Investors have backed Bank of America’s (BofA) leadership in a proxy vote, despite calls for a ‘no’ vote to protest a $4 bn accounting error that prompted the suspension of a long-awaited dividend increase.

Shareholders re-elected all 15 directors, including the five audit board members, says BofA in a press release. They also approved the reappointment of PwC as the bank’s independent auditor and backed an advisory proposal on executive compensation. The bank has not yet released the final voting tally and made no further comment.

Investors including CalSTRS and CalPERS declared before the vote that they would oppose the re-election of the board’s audit committee members after the bank announced last week it had severely miscalculated capital levels over the last several years.
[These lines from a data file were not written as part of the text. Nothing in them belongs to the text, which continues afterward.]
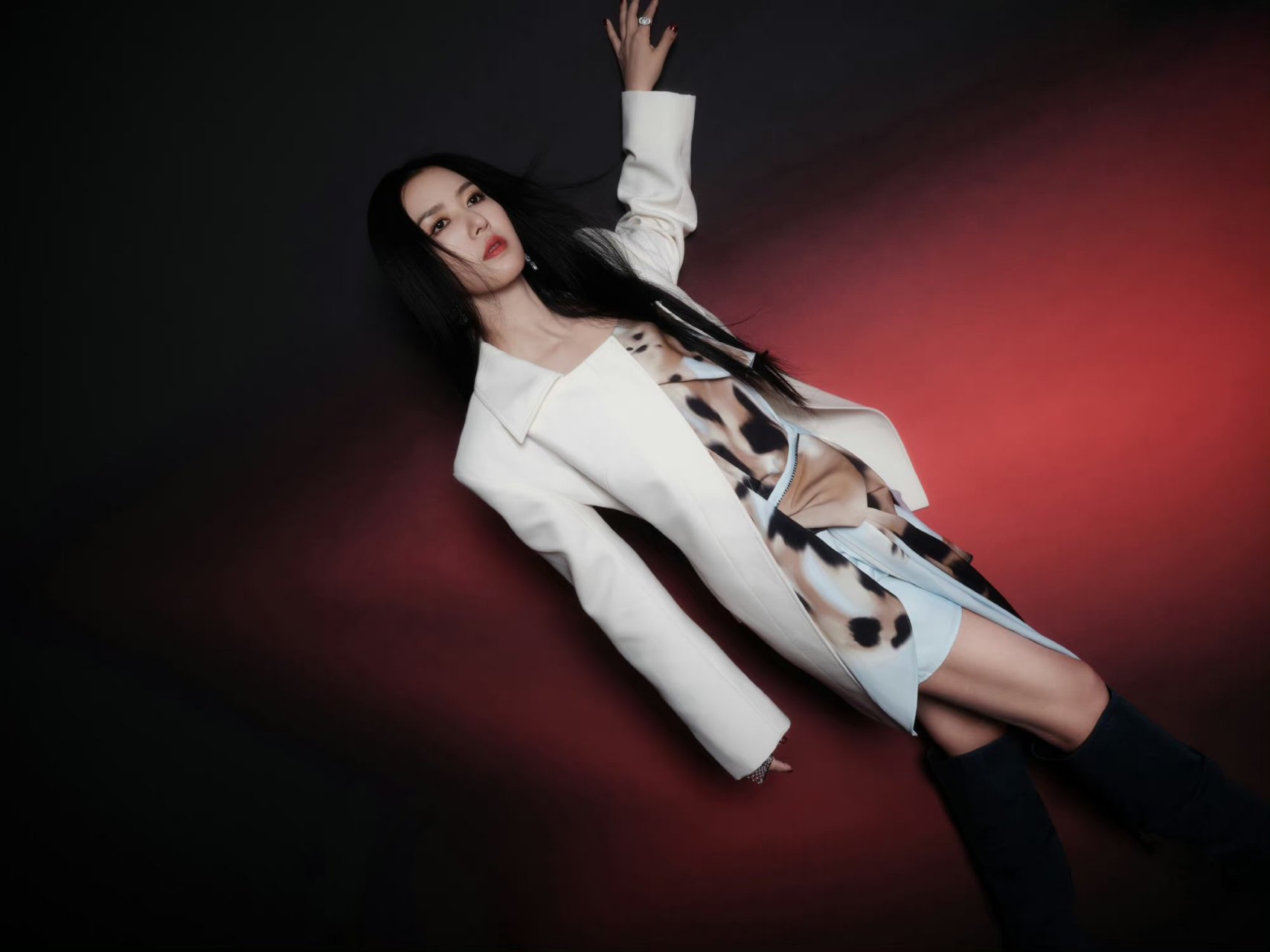 谭维维一身白色西装,很有霸道女总裁范儿,那股从内而外的优雅气质,让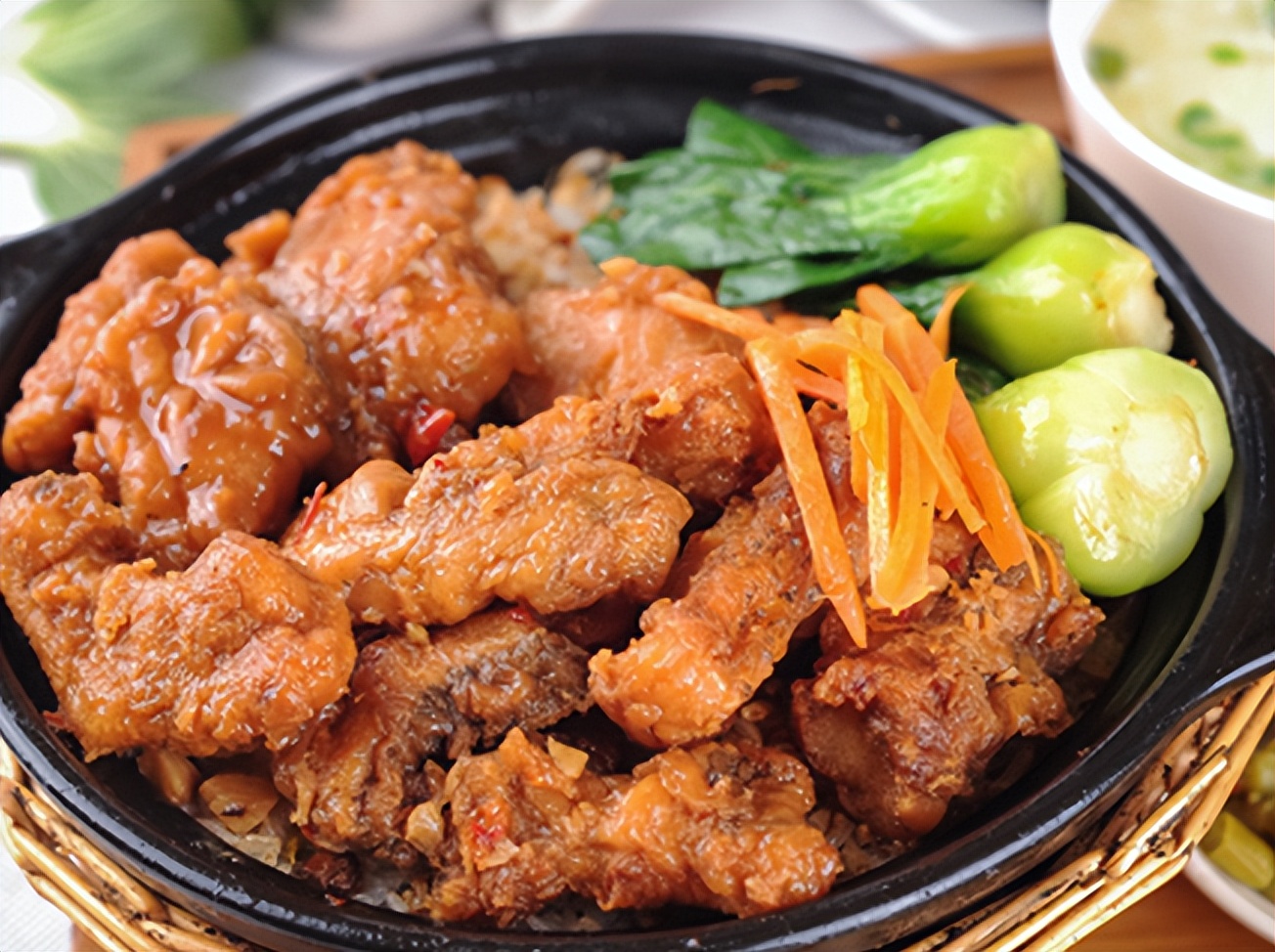 煲仔饭加盟店哪个品牌最好,煲仔饭加盟店的优势和缺点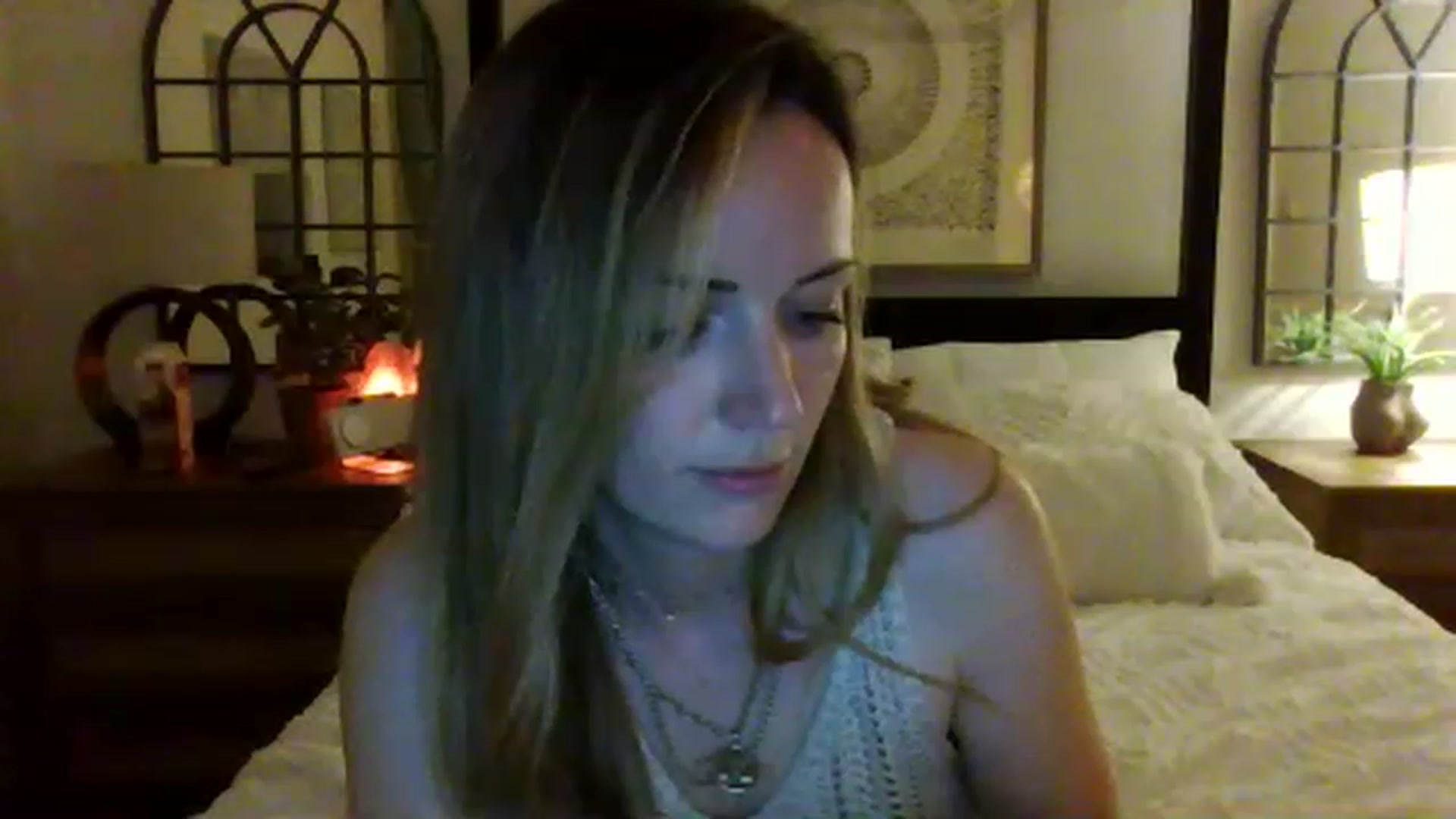 Gallery image thumbnail from Miz_Honey's myfreecams stream on, 07/10/2023, 22:11 image 18 of 20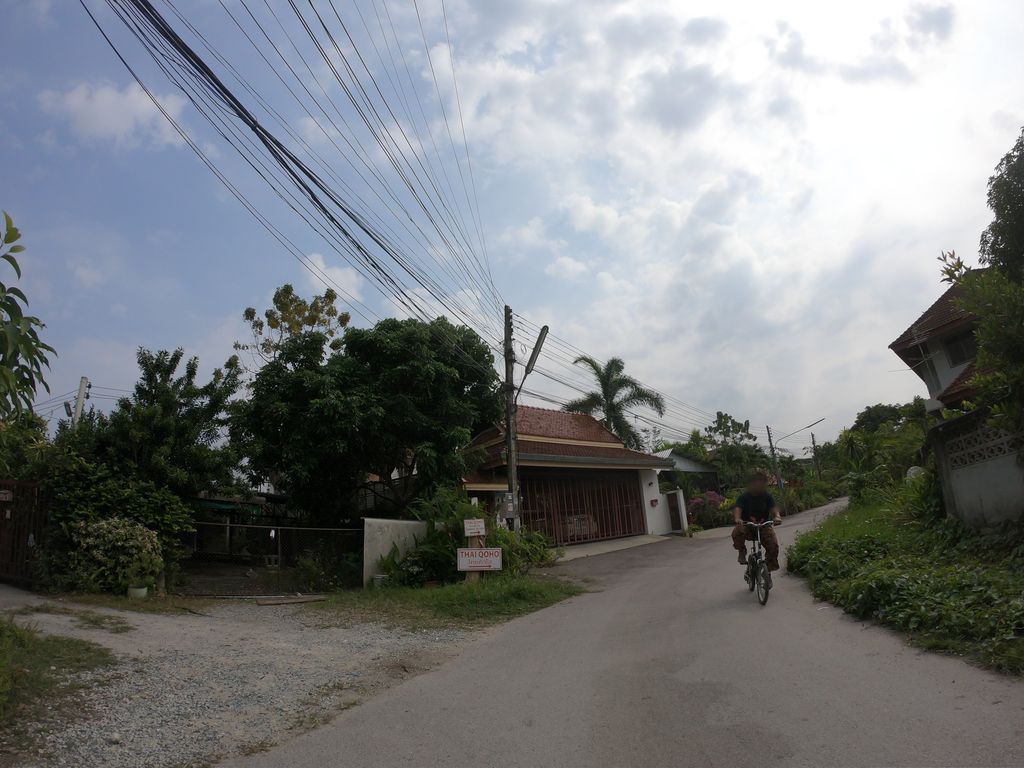 ภาพถนนตรงที่ นันทารามบ้านปอนเด้อ ตั้งอยู่ ถ่ายโดย chanuwath_grab พ.ศ. 2562 (2019) · A street-level view of where นันทารามบ้านปอนเด้อ · Nantharam Ban Pon Doe stands, by chanuwath_grab in 2562 (2019)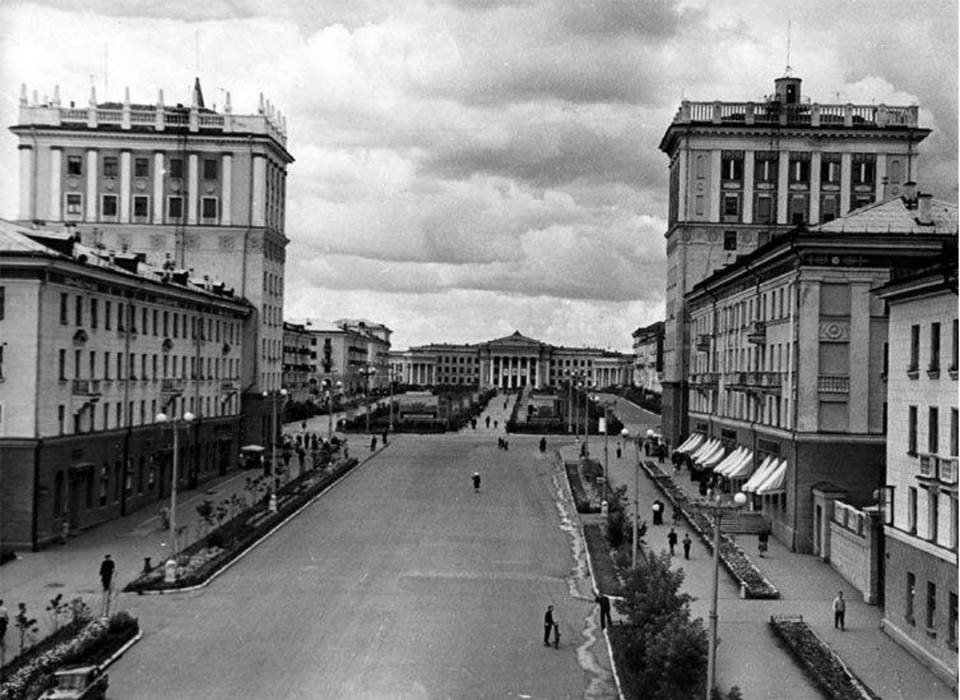 Старая уфа фото. Уфа Черниковка Восьмиэтажка. Город Черниковск Уфа. История города Черниковск Уфа. Стппая Уфа Восьмиэтажка.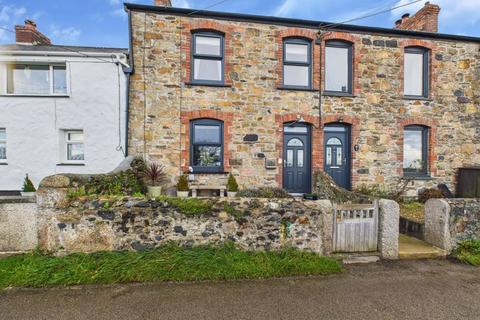Roskear Croft, Camborne - Attractive rural cottage with three bedrooms. Viewing strongly advised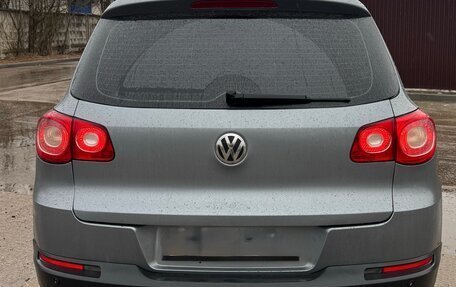 Volkswagen Tiguan I, 2009 год, 950 000 рублей, 3 фотография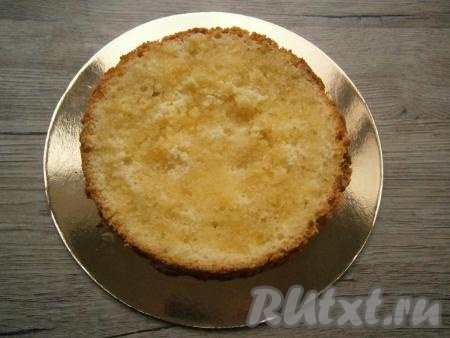 Пропитать сиропом обе части бисквита.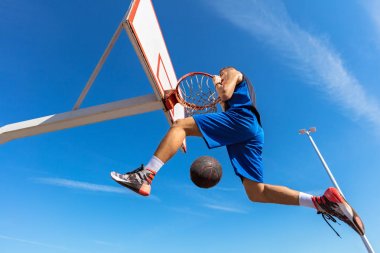 slam dunk. slam dunk yapım genç basketbolcu yan görünüm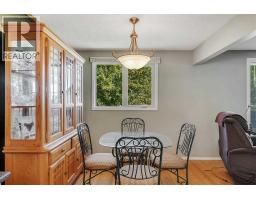 707 Fortalice Crescent Se, Calgary, AB T2A2C8 Photo 16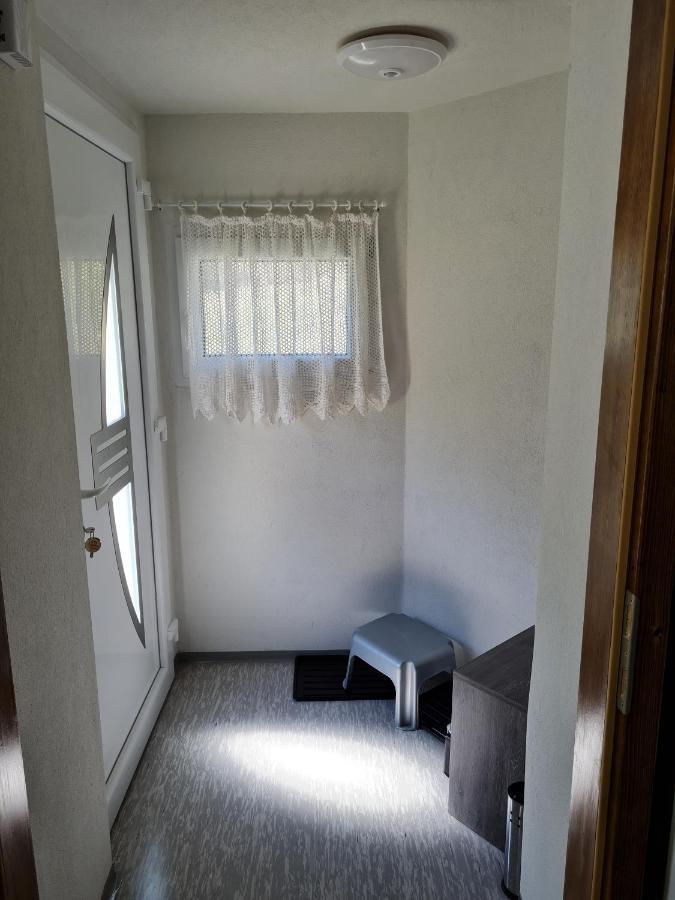 Apartma Jutersek 2+2 Libelice エクステリア 写真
Stress tests show the bank failed to properly account for certain liabilities it took on when it acquired Merrill Lynch in 2009. BofA was forced to lower its capital calculations by $4 bn and the US Federal Reserve then suspended the bank’s proposal to increase its dividend from $0.01 per share to $0.05 per share. It was the Fed’s second suspension of a proposed BofA dividend since 2010.

Proxy advisory firm Glass Lewis had also recommended votes against at least two of the audit board members. ‘We believe the audit committee and the company’s auditor bear responsibility for [these] regulatory capital calculation lapses that, at best, will delay the company’s capital actions and may, depending on the [Fed’s] decision, cause material changes to them,’ Glass Lewis wrote to investors, reports the Financial Times.

‘While we appreciate BofA promptly disclosing this error to regulators, we have serious concerns with the fact that this crucial financial metric was overstated for six years,’ CalSTRS notes in a press release. ‘This issue raises new questions about board oversight, risk controls and the external auditor, specifically given the auditor’s tenure over the entire period.’  

But Warren Buffet, who invested $5 bn in BofA in 2011, publicly stated before the vote that he would forgive bank management for the $4 bn error. ‘That error it made does not bother me,’ Buffett said last week after the bank’s announcement. ‘You do the best you can.’